17. Share Your Goals

This could be a New Year’s Resolutions-themed post, or you could do it at any time of year. Share some personal and/or professional goals you have for yourself and how you’re currently working towards them.

18. Announce Upcoming Events

If you have a show coming up, share it on your blog. Even if visitors to your site can’t attend, it’ll be a useful update on your current work.


Photo by Jon Reid

19. Write a Travel Diary

If you’ve recently gone on a trip, do a post about it. Share some images and experiences you had. Travel photographer Jon Reid uses his blog to share his many stunning travel photos, letting him keep his portfolio from getting too cluttered. This image is from a blog post about a visit to the Scottish Highlands.

20. Offer A Behind-the-Scenes Look at Your Work

Write a post explaining what went into a project on your portfolio. Designer and illustrator Chris Haughton has an incredibly detailed example of this on his blog, where he shares the fascinating process of creating a children’s book from start to finish.

21. Share A Lesson

Talk about a time you learned something important on the job. These kind of posts are interesting to other people in your industry, and also show your commitment to your work.

22. Take a Day Trip

You don’t have to go abroad or take a long vacation to write a travel blog post. Try visiting a nearby park or natural area, or even just part of your town or city that you haven’t been to before. Document the results in a post.

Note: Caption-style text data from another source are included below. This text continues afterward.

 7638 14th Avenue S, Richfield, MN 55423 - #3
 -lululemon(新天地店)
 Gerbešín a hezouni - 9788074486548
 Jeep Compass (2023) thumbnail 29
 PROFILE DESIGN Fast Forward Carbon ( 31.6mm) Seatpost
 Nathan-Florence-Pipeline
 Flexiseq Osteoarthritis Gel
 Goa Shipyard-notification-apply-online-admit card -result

23. Share A Work in Progress

If you’re working on a big painting or an ongoing photo series, share what you’ve completed so far. This is an easy way to keep your portfolio freshly updated when you don’t have any new finished content to add to it.

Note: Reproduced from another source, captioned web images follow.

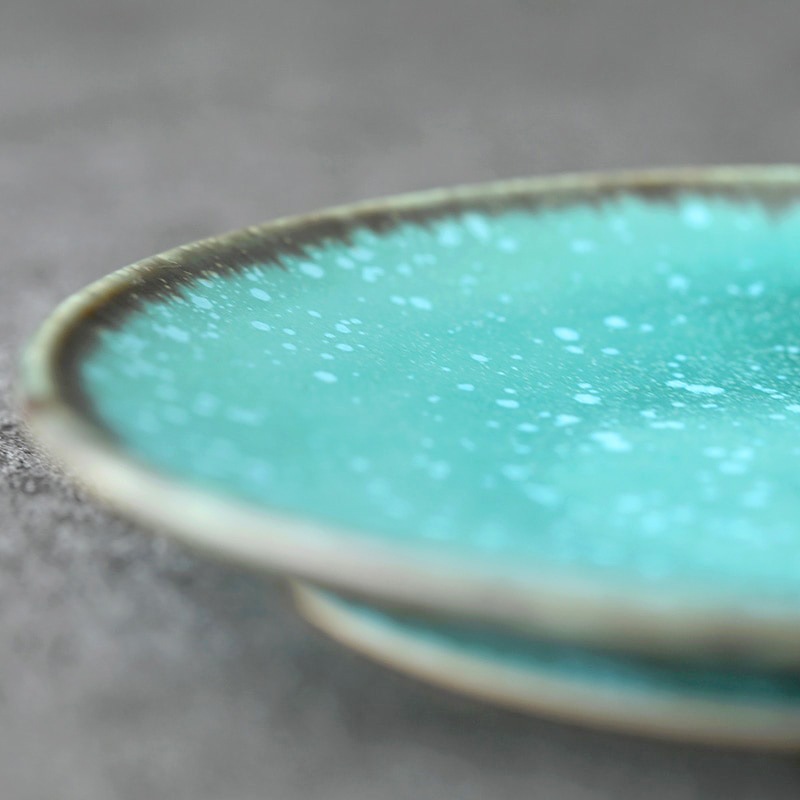 ���ܤᤰ�ߡåȥ륳��6����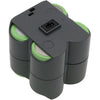 CS-SPD613SL Battery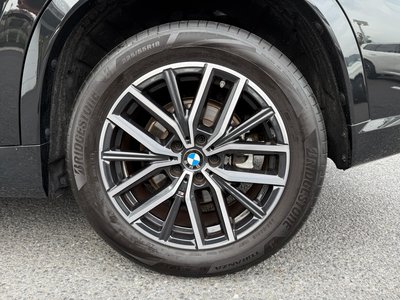 صورة مصغرة 52 لـ 2024 BMW X1
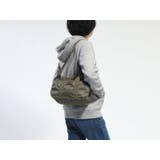 ［グレゴリー］ ボストンバッグ GREGORY | ギャレリア Bag＆Luggage | 詳細画像13 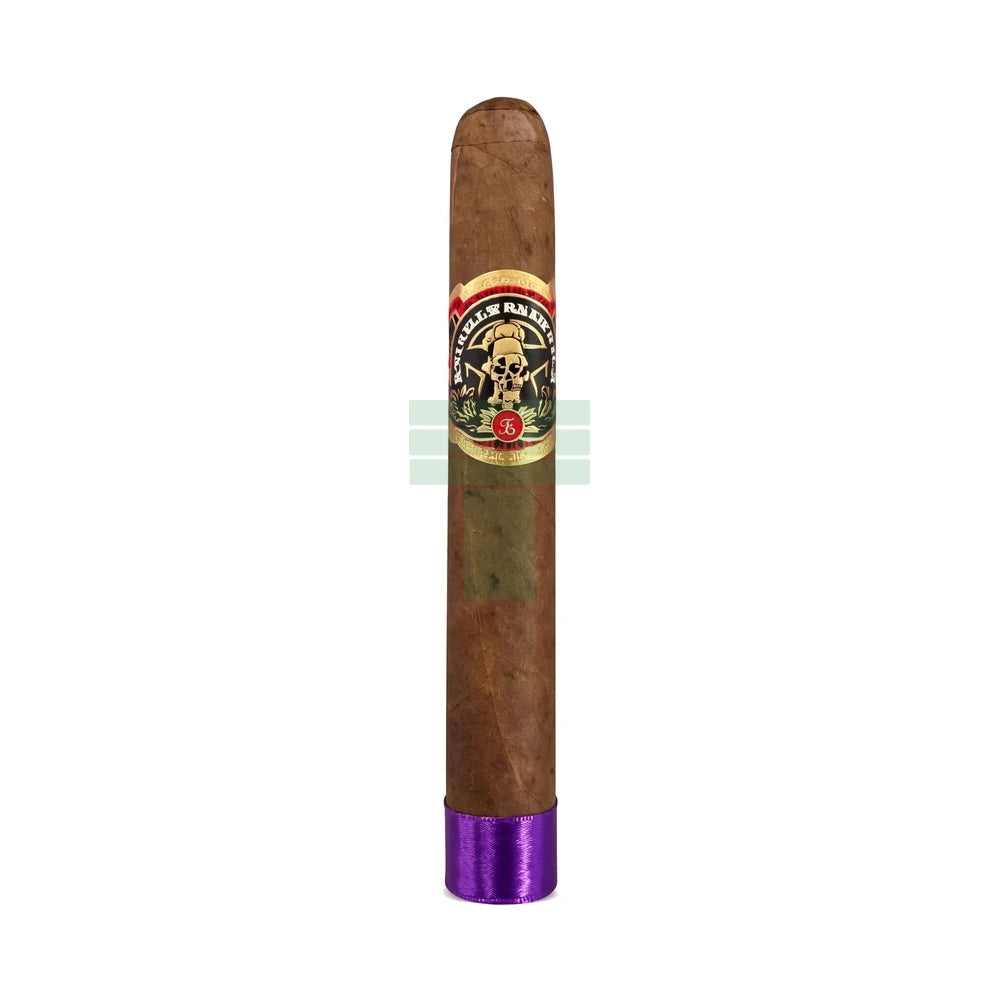 Espinosa Knuckle Sandwich Chef Special 2026 Single Cigar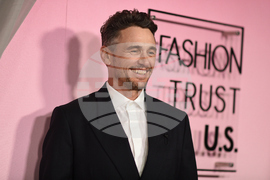 2026 Fashion Trust U.S. Awards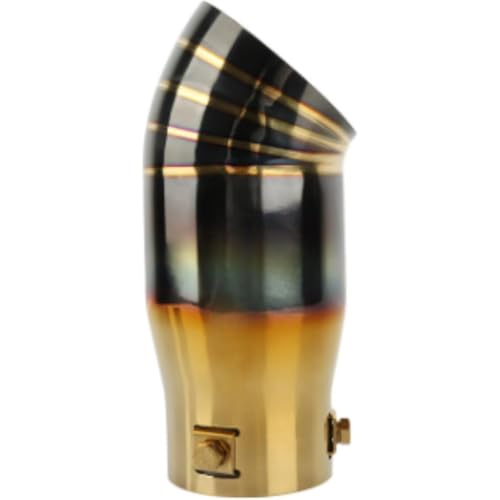 �X�e�����X���r�C�� �}�t���[ �Ԃ̃e�[���p�C�v ������ �^�[���A�E�g ���ϋv �����x �R�w�� �u���[�O���f�[�V���� ���j�o�[�T���}�t���[ 63mm 76mm �ȒP���t�� �Ԍ��Ή� �� �h���X�A�b�v �A�N�Z�T���[ SUV �g���b�N �X�|�[�c�J�[�p (76m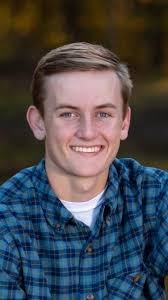 Southwest Covenant football player Peter Webb remembered, mourned by  thousands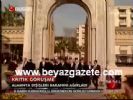 almanya disisleri bakani - Bağış, Almanya Dışişleri Bakanını Ağırladı Videosu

24. Link to Your Social Media

Do you post frequently on Instagram or Tumblr? Do you have a professional Facebook page for your creative business? Make sure visitors to your site know about it by mentioning it in a blog post. Try making a photo roundup of recent images you’ve shared on Instagram that can’t be found in your portfolio.

25.Create a Tutorial

It can be time-consuming, but making a tutorial to share on your blog can help you get visitors to your site engaged and interesting in returning to your blog. Visual artist Amir Zahed’s post “How to Make Your DSLR Video Look More Cinematic: Color Grading Tutorial” is a perfect example of an interesting, relevant how-to post that will have readers coming back for more.


Photo by Neil Ta

26. Challenge Your Readers

Suggest a challenge that people reading your blog should try. If you have blog comments enabled, ask people to give you feedback. Encouraging visitors to your blog to engage with you is a great way to get people invested in your site. In this blog post, photographer Neil Ta challenges readers to photograph family and friends more often.

27. Share What Motivates You

Is there someone whose career you look to for inspiration? Do you find a certain activity is always conducive to creativity? Write a post about what keeps you going. Get inspired by Colorado-based photographer Chip Kalbeck’s blog post about his work essentials.

28. Make A List

List your essential gear, your favorite websites that relate to your field, your favorite types of projects to work on, the best places to get work done… Lists make great blog posts. You can even incorporate advice into a list, like in this blog post where travel photographer Steph Ridenour shares a list of tips for planning a cycling tour.


Photo by Brandon Titaro

29. Celebrate a Holiday

Christmas, Halloween, Valentine’s Day, and any other holiday can provide inspiration for timely blog content. Multitalented creative Brandon Titaro made a festive blog post to share a holiday card he created.

30. Get Seasonal

You don’t have to wait for holidays to be inspired by a certain time of year. Try using the current season as the framework for a blog post.